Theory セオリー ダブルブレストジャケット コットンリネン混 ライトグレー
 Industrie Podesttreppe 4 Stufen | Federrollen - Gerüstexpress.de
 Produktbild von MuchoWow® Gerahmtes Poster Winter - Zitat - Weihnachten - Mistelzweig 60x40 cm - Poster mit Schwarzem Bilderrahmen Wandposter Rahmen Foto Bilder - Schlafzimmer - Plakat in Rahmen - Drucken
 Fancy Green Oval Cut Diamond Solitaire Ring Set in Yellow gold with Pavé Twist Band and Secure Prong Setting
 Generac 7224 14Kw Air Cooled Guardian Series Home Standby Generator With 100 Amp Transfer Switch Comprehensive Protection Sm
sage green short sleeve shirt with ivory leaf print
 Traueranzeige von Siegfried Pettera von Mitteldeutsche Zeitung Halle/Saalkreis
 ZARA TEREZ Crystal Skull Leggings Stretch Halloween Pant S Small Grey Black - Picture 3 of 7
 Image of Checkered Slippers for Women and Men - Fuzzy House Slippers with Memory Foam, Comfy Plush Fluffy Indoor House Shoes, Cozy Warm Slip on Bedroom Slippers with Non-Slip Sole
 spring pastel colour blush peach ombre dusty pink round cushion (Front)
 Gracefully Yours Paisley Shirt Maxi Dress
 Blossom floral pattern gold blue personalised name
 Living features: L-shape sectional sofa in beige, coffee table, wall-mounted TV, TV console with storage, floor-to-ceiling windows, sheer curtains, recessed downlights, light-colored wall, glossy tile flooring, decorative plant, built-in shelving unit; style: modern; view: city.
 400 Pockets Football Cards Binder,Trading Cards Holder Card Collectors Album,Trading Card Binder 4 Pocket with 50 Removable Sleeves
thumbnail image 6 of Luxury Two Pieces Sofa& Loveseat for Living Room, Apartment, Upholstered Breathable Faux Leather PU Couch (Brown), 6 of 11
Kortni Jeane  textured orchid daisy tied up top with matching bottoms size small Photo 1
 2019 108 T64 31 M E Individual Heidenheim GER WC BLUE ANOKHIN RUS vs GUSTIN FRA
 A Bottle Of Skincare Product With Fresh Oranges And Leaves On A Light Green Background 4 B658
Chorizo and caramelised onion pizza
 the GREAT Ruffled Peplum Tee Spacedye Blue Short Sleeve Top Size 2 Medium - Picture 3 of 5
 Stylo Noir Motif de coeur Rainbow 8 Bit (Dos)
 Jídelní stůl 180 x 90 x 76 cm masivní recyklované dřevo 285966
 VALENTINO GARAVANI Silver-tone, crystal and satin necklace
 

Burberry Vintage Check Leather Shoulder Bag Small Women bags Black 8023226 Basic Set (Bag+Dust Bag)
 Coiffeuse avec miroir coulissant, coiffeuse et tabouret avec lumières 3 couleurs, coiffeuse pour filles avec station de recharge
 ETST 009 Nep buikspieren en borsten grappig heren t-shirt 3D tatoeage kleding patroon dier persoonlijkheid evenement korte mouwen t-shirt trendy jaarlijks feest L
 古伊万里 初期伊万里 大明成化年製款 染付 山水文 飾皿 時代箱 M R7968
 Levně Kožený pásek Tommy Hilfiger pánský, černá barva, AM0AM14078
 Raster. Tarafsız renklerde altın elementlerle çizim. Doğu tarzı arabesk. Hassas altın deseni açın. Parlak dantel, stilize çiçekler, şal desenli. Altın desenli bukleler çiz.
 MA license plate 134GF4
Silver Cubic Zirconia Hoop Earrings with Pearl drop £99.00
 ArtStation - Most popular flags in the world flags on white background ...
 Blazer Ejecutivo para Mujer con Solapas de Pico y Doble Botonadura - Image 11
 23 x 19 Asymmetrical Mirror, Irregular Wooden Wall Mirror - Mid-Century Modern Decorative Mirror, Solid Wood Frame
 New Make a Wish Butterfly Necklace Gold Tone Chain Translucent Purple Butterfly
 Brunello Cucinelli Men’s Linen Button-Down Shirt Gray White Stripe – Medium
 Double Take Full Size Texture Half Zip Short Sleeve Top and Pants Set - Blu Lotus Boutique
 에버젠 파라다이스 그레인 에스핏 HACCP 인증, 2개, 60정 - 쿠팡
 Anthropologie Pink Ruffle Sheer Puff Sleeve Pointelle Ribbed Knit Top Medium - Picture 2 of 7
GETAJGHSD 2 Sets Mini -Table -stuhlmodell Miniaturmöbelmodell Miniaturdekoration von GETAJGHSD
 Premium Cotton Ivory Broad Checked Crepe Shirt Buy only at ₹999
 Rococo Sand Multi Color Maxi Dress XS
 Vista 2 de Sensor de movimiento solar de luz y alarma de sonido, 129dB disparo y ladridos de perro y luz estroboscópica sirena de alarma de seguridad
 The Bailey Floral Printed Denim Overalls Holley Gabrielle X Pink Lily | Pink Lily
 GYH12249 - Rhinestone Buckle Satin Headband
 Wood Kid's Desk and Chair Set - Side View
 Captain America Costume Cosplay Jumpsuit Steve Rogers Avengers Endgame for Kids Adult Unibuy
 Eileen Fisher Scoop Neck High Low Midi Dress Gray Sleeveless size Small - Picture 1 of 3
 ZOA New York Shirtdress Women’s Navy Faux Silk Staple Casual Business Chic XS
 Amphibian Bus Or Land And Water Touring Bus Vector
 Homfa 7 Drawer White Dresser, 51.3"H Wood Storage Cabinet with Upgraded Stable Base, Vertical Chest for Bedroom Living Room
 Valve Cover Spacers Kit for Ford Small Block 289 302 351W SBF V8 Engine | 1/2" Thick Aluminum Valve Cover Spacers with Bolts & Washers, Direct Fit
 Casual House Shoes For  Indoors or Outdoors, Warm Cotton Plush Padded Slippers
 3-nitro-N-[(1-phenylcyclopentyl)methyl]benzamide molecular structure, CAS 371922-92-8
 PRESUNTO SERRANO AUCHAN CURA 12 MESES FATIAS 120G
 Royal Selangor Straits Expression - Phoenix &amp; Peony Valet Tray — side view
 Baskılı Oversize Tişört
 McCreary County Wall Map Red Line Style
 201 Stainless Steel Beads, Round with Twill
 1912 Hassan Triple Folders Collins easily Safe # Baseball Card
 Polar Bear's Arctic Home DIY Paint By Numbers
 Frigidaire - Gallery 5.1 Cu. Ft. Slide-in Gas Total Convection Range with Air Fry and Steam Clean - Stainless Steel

- - -

What this task involves: Each line from the top of the records above through the line containing "Image of Checkered" needs to be transcribed exactly, and no line after it.

Exercise output:
Theory セオリー ダブルブレストジャケット コットンリネン混 ライトグレー
 Industrie Podesttreppe 4 Stufen | Federrollen - Gerüstexpress.de
 Produktbild von MuchoWow® Gerahmtes Poster Winter - Zitat - Weihnachten - Mistelzweig 60x40 cm - Poster mit Schwarzem Bilderrahmen Wandposter Rahmen Foto Bilder - Schlafzimmer - Plakat in Rahmen - Drucken
 Fancy Green Oval Cut Diamond Solitaire Ring Set in Yellow gold with Pavé Twist Band and Secure Prong Setting
 Generac 7224 14Kw Air Cooled Guardian Series Home Standby Generator With 100 Amp Transfer Switch Comprehensive Protection Sm
sage green short sleeve shirt with ivory leaf print
 Traueranzeige von Siegfried Pettera von Mitteldeutsche Zeitung Halle/Saalkreis
 ZARA TEREZ Crystal Skull Leggings Stretch Halloween Pant S Small Grey Black - Picture 3 of 7
 Image of Checkered Slippers for Women and Men - Fuzzy House Slippers with Memory Foam, Comfy Plush Fluffy Indoor House Shoes, Cozy Warm Slip on Bedroom Slippers with Non-Slip Sole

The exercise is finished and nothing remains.